__Required work__:
Leaving pictures out, repeat word for word the line that has "Images for Eastway, Sale, M33" and each line that follows it to the end of the listing.

__Given information__:
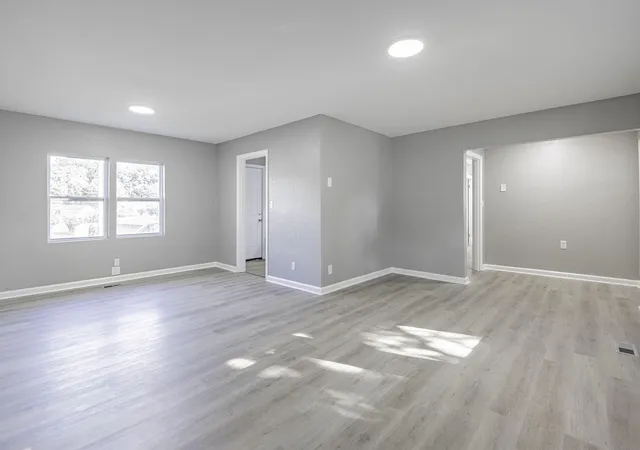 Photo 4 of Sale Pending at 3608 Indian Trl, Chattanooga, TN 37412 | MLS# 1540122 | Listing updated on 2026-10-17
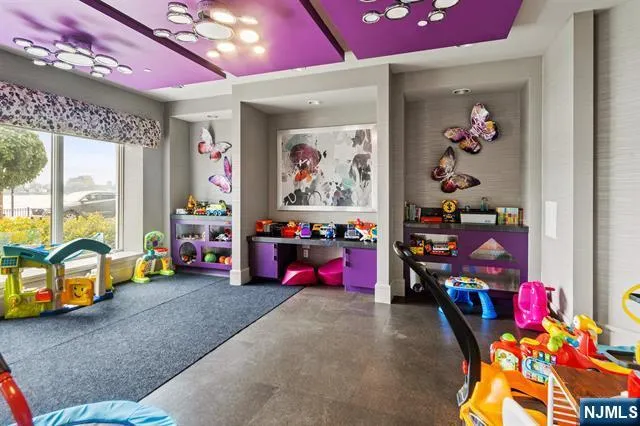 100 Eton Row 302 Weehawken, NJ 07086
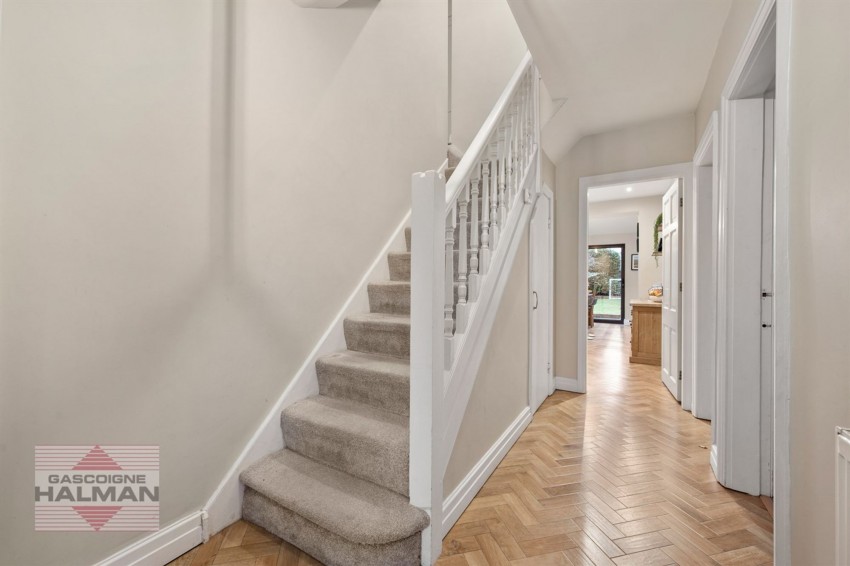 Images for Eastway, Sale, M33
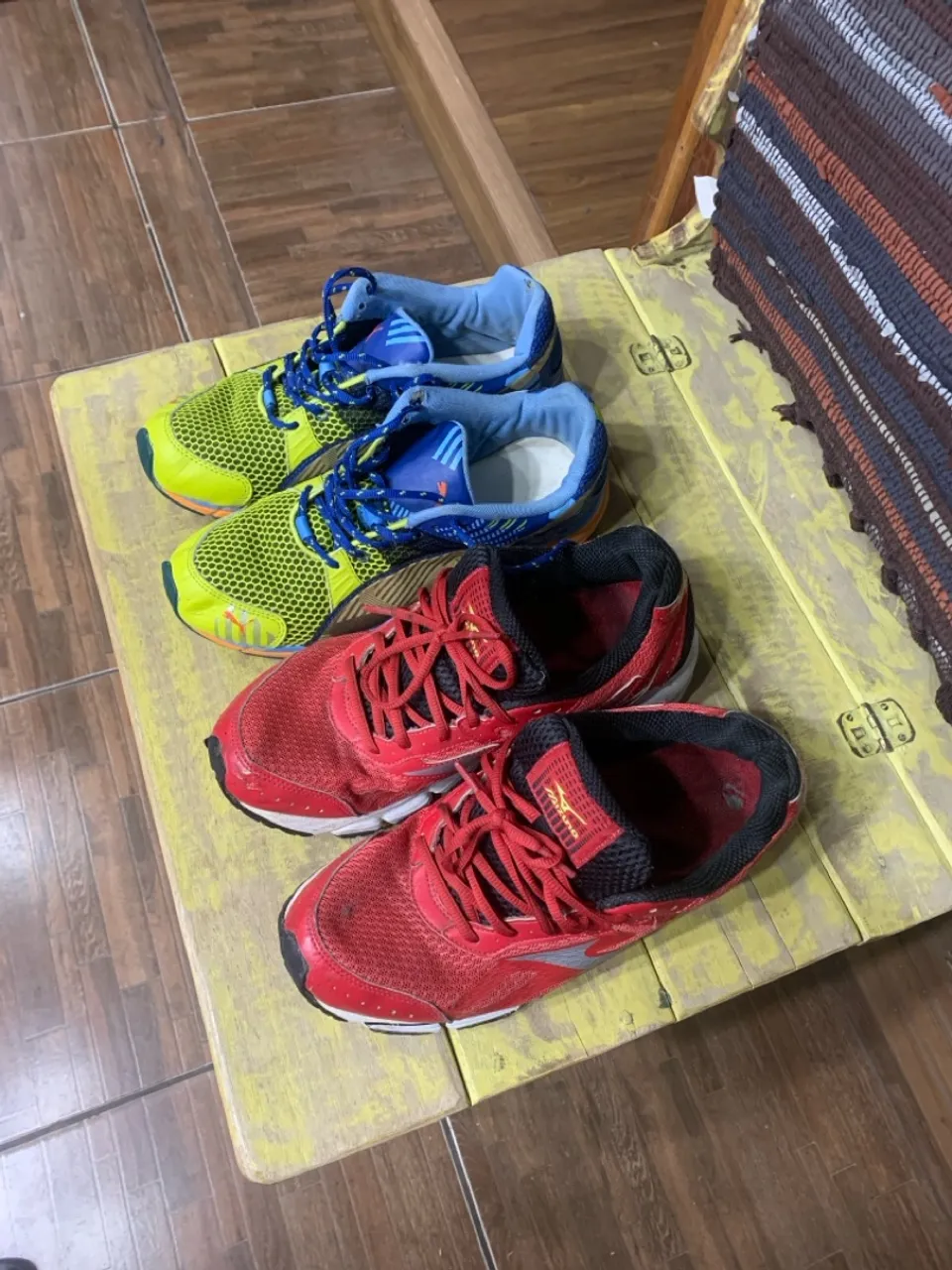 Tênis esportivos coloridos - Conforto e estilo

__Written solution__:
 Images for Eastway, Sale, M33
 Tênis esportivos coloridos - Conforto e estilo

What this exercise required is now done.